人間は最後は記憶だけになる、記憶がそこにあったということを示すが例えそこにあっても記憶が消えたら存在しないと同じなのである。
ても旅でも今は騒がしいから忙しいから記憶に残らないのである。
すると旅したことにもならないしそこにあったということすらなかったともなるのである
自分は暇だったから一つの駅でおりてその辺をぶらぶらしていたのである。
電車は二時間くらい来なかったかもしれない、あの辺は無人駅が多い。
電車も一両だった。それだけ乗る人がいないというとき廃止になるのもやむをえないのかとなる、北海道の路線はすでに半分は消失した。これからも消失してゆく
ただ宗谷本線は違っていると思った、なぜなら急行が走っているし本州と最果ての地を結ぶ路線だと思っていたからだ。そういうことでなくなるとは思わなかった
ただ一両の電車がたまに走る路線だから日常的に地元の人が乗る人が本当に少なかったのである。

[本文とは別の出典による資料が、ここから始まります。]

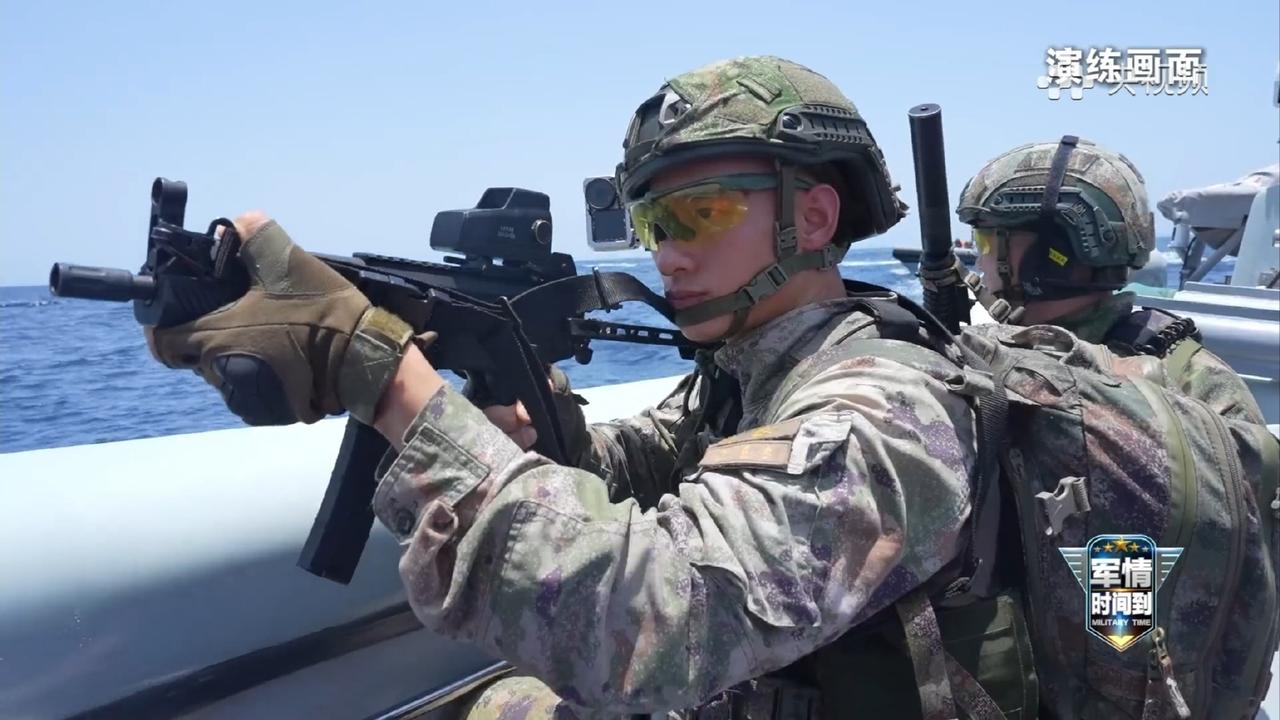 远赴亚丁湾执行护航任务的海军编队上，有一个海军陆战队的步兵分队，在长达半年多的时
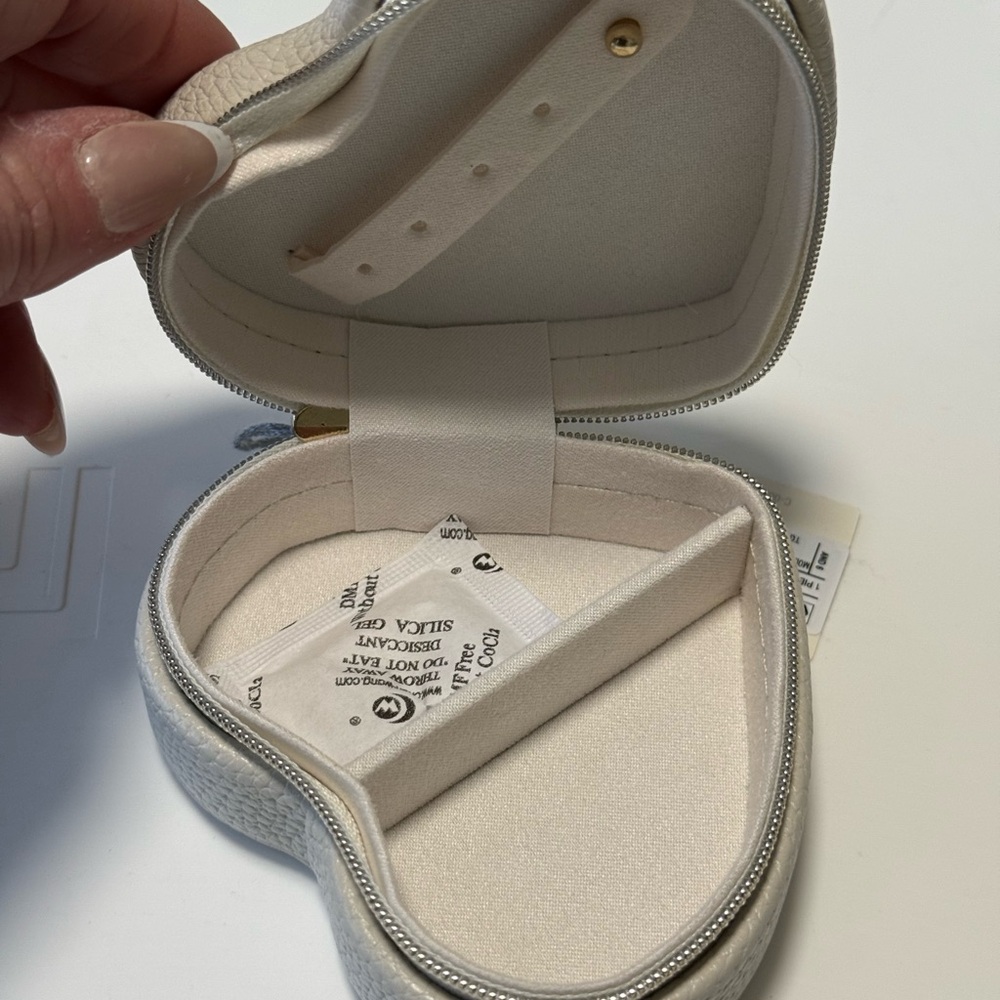 A New Day Pebble Textured Heart Travel jewelry Case - Picture 4 of 6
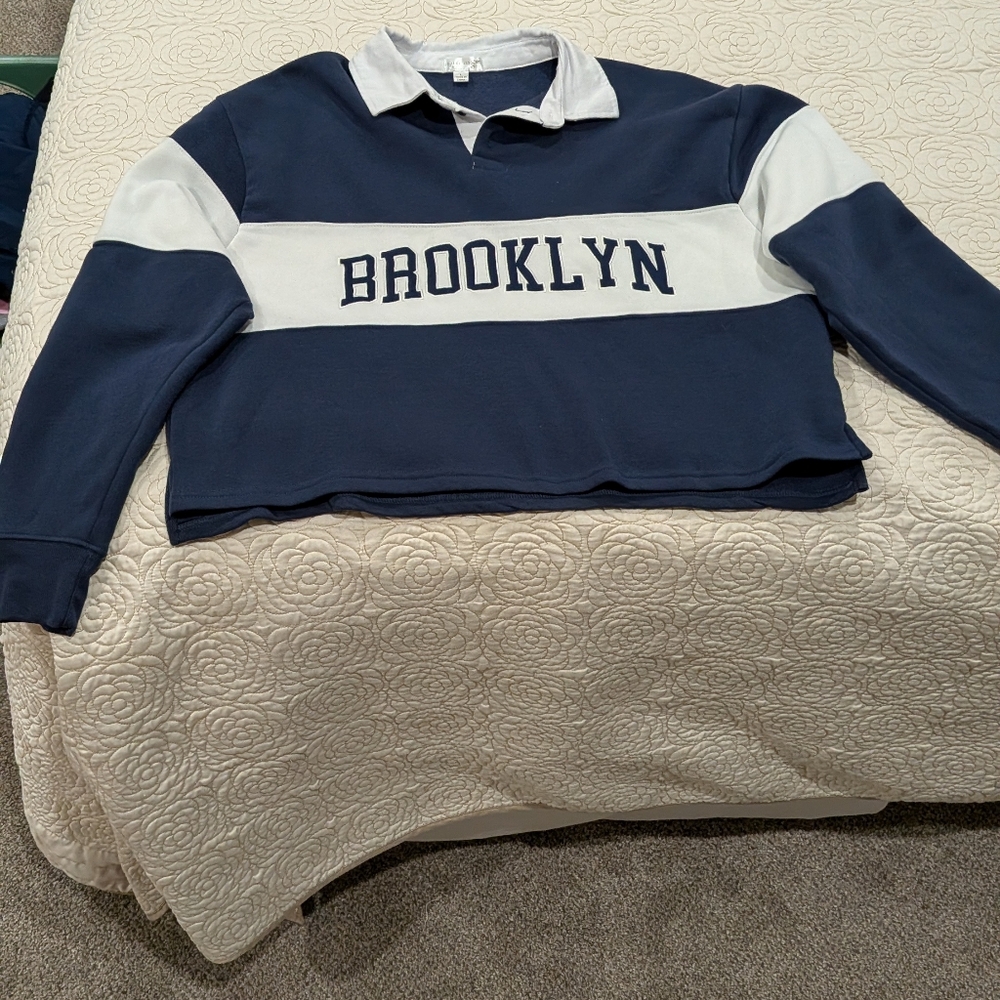 Size L Cropped Rugby Sweatshirt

電車の旅はずいぶんした。北海道はずいぶんのった。でも電車の旅は意外と記憶に残らない、その車窓の風景でも早く過ぎて行くから記憶に残らない、ただ途中下車するとき何かそこが記憶に残っている、宗谷本線では途中下車して長い時間をいたから記憶に残っていたのである。
記憶は時間と関係しているのである。早く過ぎたりちょっと留まったりしただけでは記憶に残らない゛ともかくそこでは途中下車しても長い時間を過ごしていたのである。
それで記憶に残っていたのである。
現代の旅は何でも忙しくて早すぎて記憶に残らないのである。すると何か実際は時間の浪費しているのである。
効率的な時間で旅すること自体がかえって時間を浪費しているという逆説になる
なんか無駄な時間がかえって記憶に残りあとで宝となる
人間は老人になればわかる、体験したことが宝でありもう新しい体験ができないから体験した記憶が貴重なものとなる、人間の生きる時間は極めて限られたものなのである。
そこに人間の限界がある。老人になると新しいことを消化しにくくなる。
ただ今まで経験したことをふりかえりその意味を深化させるのに向いているのでてある。では旅した経験を書くというとき記憶に残っていなかったら書くこともできない
でも記憶に残ることはつくづく少ないと思う、とにかく人間ほど忘れやすいものはないのである。
自分の場合、介護だ自分の病気だ、津波だ、原発事故だとかあり十年がたちまち過ぎた、それで時間を消費してエネルギーも消耗した。旅する気力もなくなったともなる
そして新しいことを消化できないのである。
今まで経験したことを深化してゆくことしかない、だから老人は狭い範囲で生きてその場で意味を深めてゆくことに適している、新しい場で再出発することは向いていないのである。だから原発避難民でも老人は故郷に帰りたいとなるのである。
そこには生きた記憶の場所だからである。